Does that mean one has to swim in only in his ancient bloodlines? Well, the answer is probably, yes. It may be possible to swim close in nearby lanes. If I disavowed my family totally and then one day said, Jason, I want convert to being a Hill, what would you say to me? "Come on down!", like a Price is Right contestant? I doubt it.
But in the end it is all between your friend and the Jewish establishment and what they work out. I would just hope that there is some apprentice time for him, some tasks he must complete and if it were up to me, I'd at least make him run some laps!
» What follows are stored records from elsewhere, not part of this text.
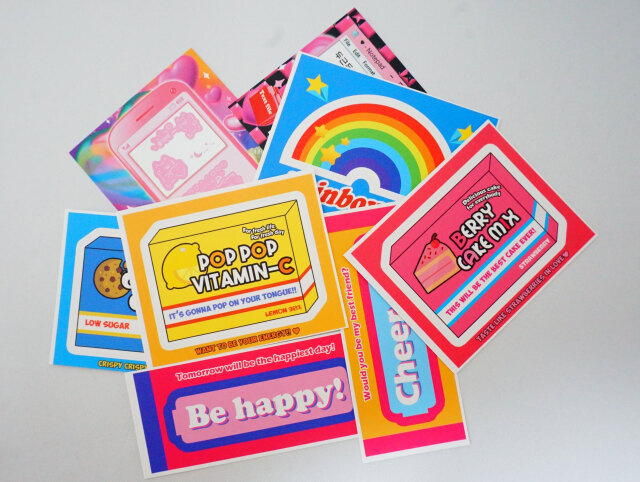KISTCH  キュートなステッカー6　全8種類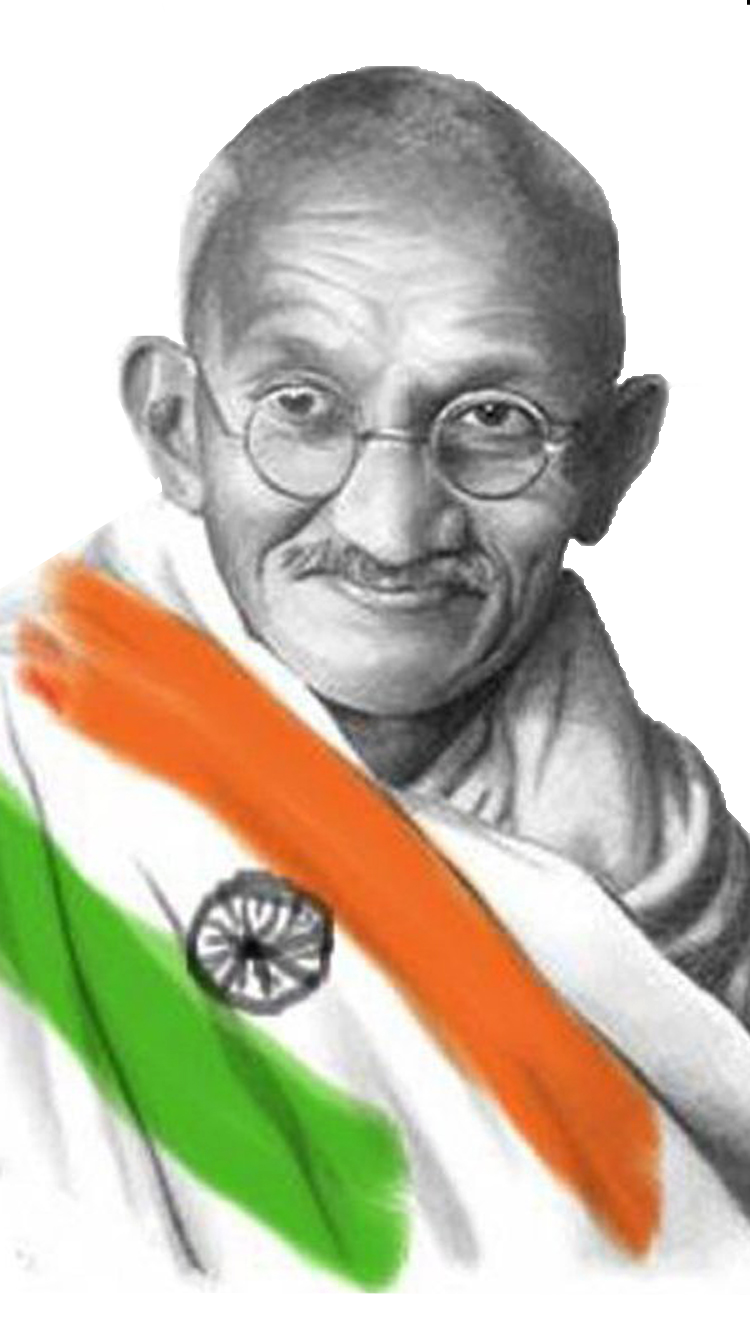Mahatma Gandhi PNG High Definition Photo Image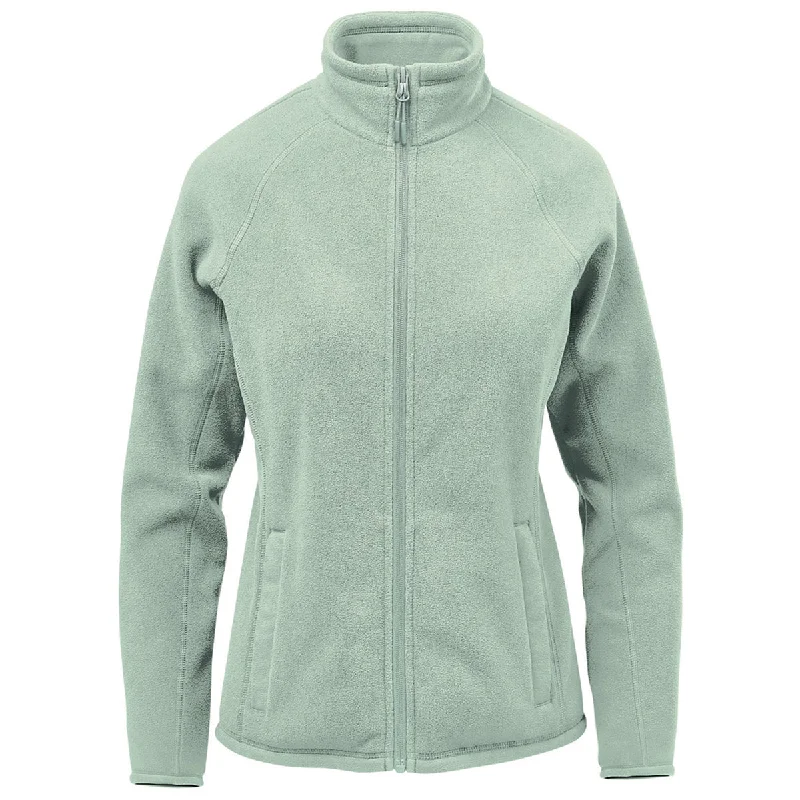 Stormtech Women's Ice Blue Montauk Fleece Jacket Cardigan Sweater Pullover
It's great hearing from you. I agree with what you say. I think the issue is that people want to adopt what they think is a high prestige ethnic identity. I have been out of OS loop for months. Teaching and finsihing up my book which comes out in October has taken up all my time. I'm in Berlin until Dec 25 and having a really wonderful time.
Stay well
I was taught, however, that the Jews were chosen by God to be an example to others. As an example of how to love God, they would lead a harder life, not an easier one. They would live under more restrictions and follow a more onerous regimen and obey tougher laws.
As well, Jews have been oppressed--to hear us tell it--since Pharoah didn't send Moses a bar mitzvah present. Being born a Jew might lead to a hard life and an early death. The Nazis didn't interview their victims about their theology, didn't care what or if they believed, only cared about their "racial" identity. Choice didn't enter into it. And still today, beyond denial, there are times and places where it is dangerous to be of David's tribe.
So when someone, whatever his or her beliefs about divinity, chooses to become a Jew, chooses to cast her or his lot with us for good or ill, I say welcome aboard. We need people of courage and consciousness, and people for whom life is a matter of choices, not a series of accidents. I say thanks for coming.
And I actually had this discussion with my rabbi because I knew an atheist who wanted to convert.
My rabbi's opinion? NO. Conversion requires belief in God.
I wonder if this person's rabbi knew about the atheism?
Glad to see you here. I've been mulling a post about racism, homophobia, Wittgenstein, otherness and disembodiment. Totally not kidding. The post will have to wait until I get back from finalizing my divorce next Monday.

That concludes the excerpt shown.